The parish history also records that the adjoining school was opened in 1962, run by the affectionately remembered Sisters of the Cross and Passion.

The head was Sister Siobhan, from whom young teachers would claim that they learned more in three days than in two years in college. Sr Giovanni was an assiduous visitor, Sr Gabriel an elderly nun who’d still walk miles to take communion to the sick.

Sr Geraldine was among the first to drive – breakdowns frequent, it’s recorded, burned-out clutches a speciality.

The convent closed in 1995.

St Joseph’s school opened in 1968, a granite chapel added to the hall in 1984. Fr Campion now has charge of both churches, a total weekly mass attendance of around 400.

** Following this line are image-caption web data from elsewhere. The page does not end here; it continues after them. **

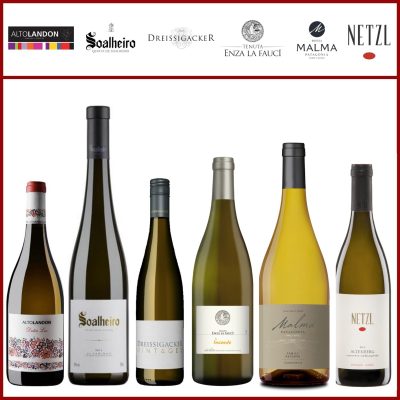 Mixed White Wine Box - Premium - Holy Wines - Malta's Leading Online Wine Store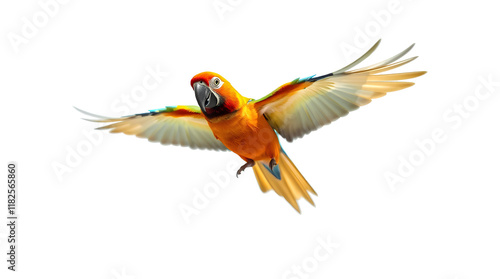 Photo of Colorful flying parrot isolated on transparent background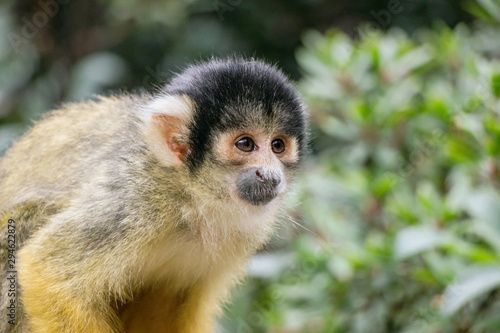 closeup of a common squirrel monkey in green nature © cceliaphoto
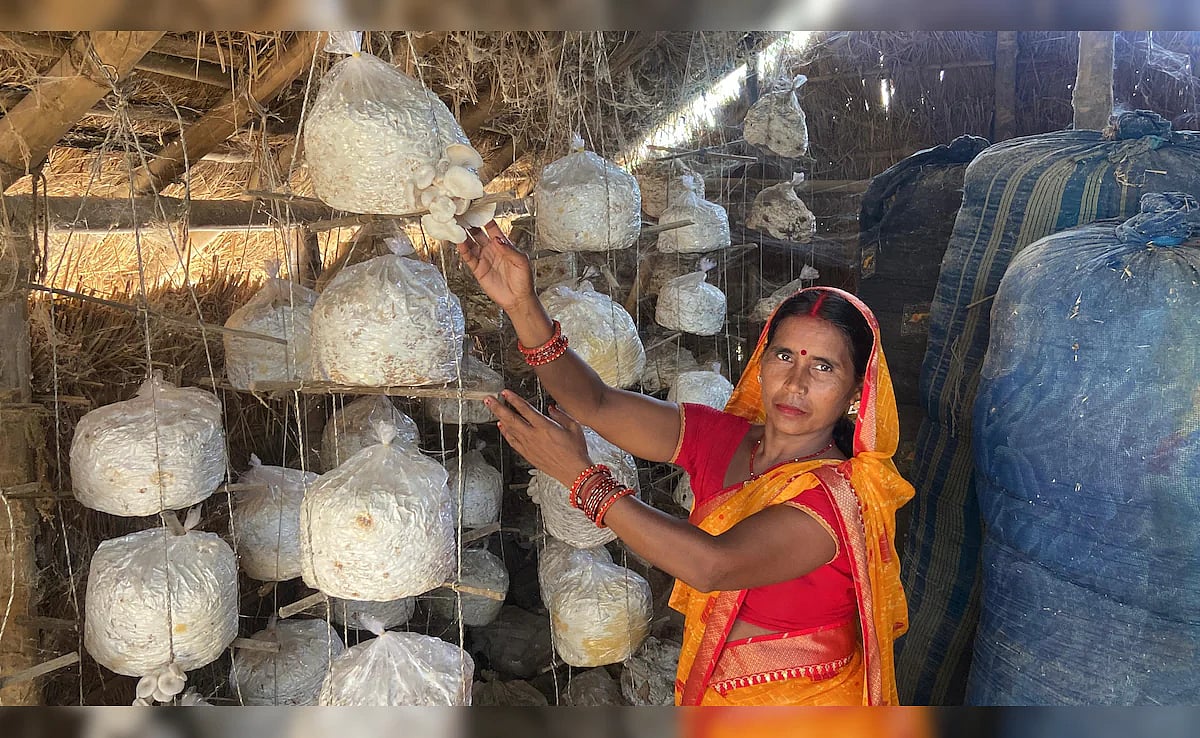 காளான் வளர்க்கும் பீனா தேவி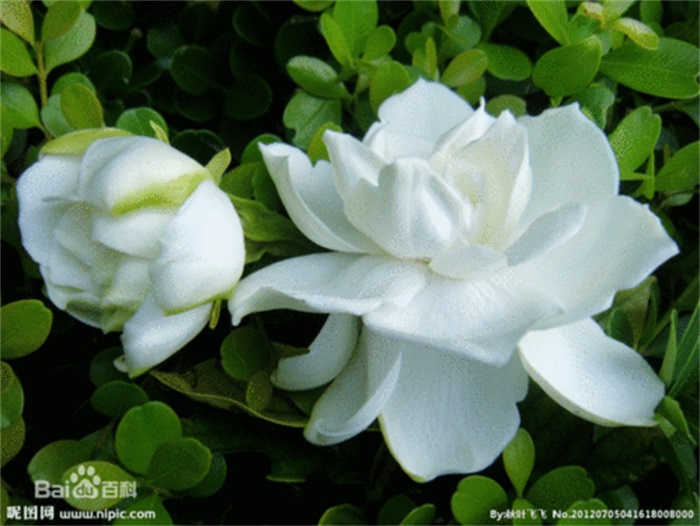 栀子花的花语 栀子花神话故事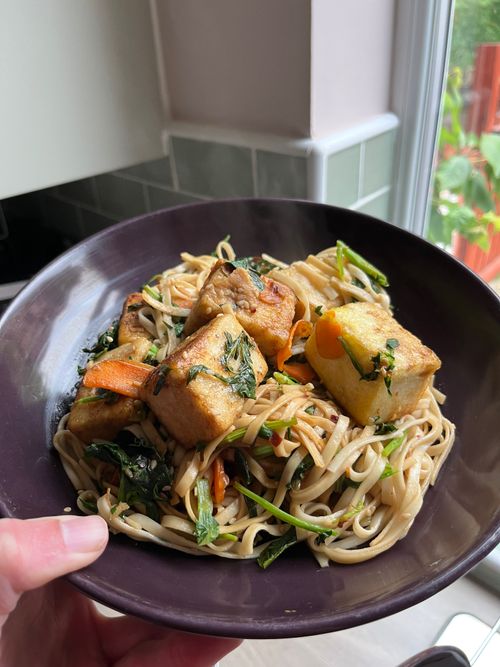 A hearty portion of tofu, noddles, and greens steam in a pasta bowl.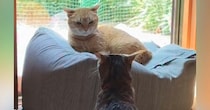 猫を連れて帰省→実家の猫とのやり取りを見ていると…他人の家とは思えない『まさかの光景』が221万再生「図々しいｗ」「フェードアウトｗ」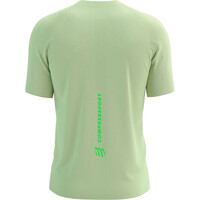 Compressport camisetas trail running manga corta hombre PERFORMANCE MORADO vista trasera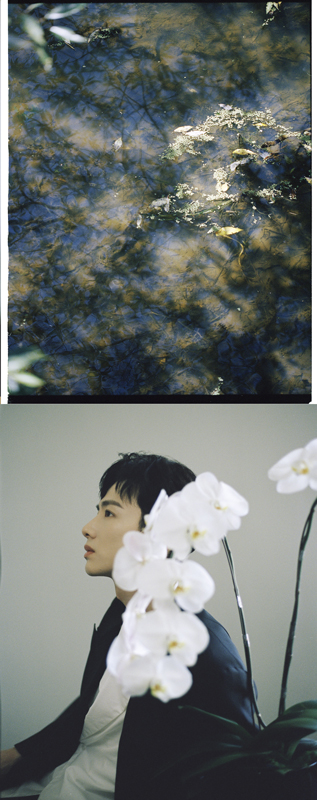 https://www.nelkshuhe.com/files/gimgs/127_01.jpg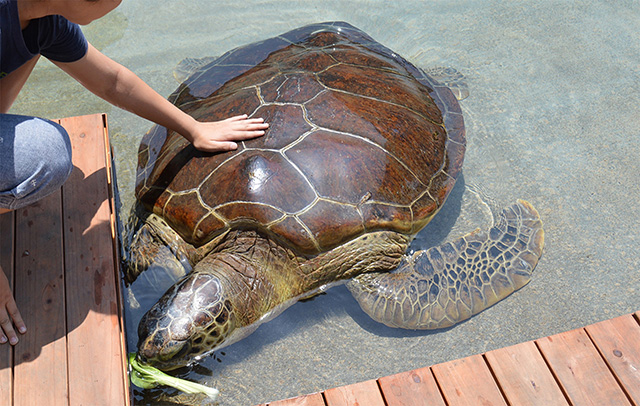 ウミガメとのふれあい/新江ノ島水族館（神奈川県/藤沢市）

“I repeatedly tell them that though I have been in larger and wealthier parishes in the diocese,” he says, “I’ve never been in one more generous.”

FATHER Harry Ryan, parish priest for 20 years, and Fr Paddy Kennedy, at St Joseph’s for 12 years, are also back for the celebration.

The church looks light and lovely.

Bishop Seamus Cunningham speaks in his introduction of the “heresy of activity” – “there’s not just material poverty, there’s spiritual and psychological poverty, too”

– and in his closing remarks of the need to let go. “In this day and age we will sometimes have to accept change. There’s no point in getting uptight and upset about it.”

He also tells a story that involves a bundle of pound notes. It must be quite an old story.

Fr Michael, for nine years dean of Newcastle Cathedral, repeats his thanks for his flock’s munificence.

“It’s second to none in its generosity.”

Bishop Seamus clearly appreciates the affection in which the parish priest is held, plays his cards right.

“I think we’ll leave him here for a while,” he says.

On a great morning on the town, it brings the warmest applause of all.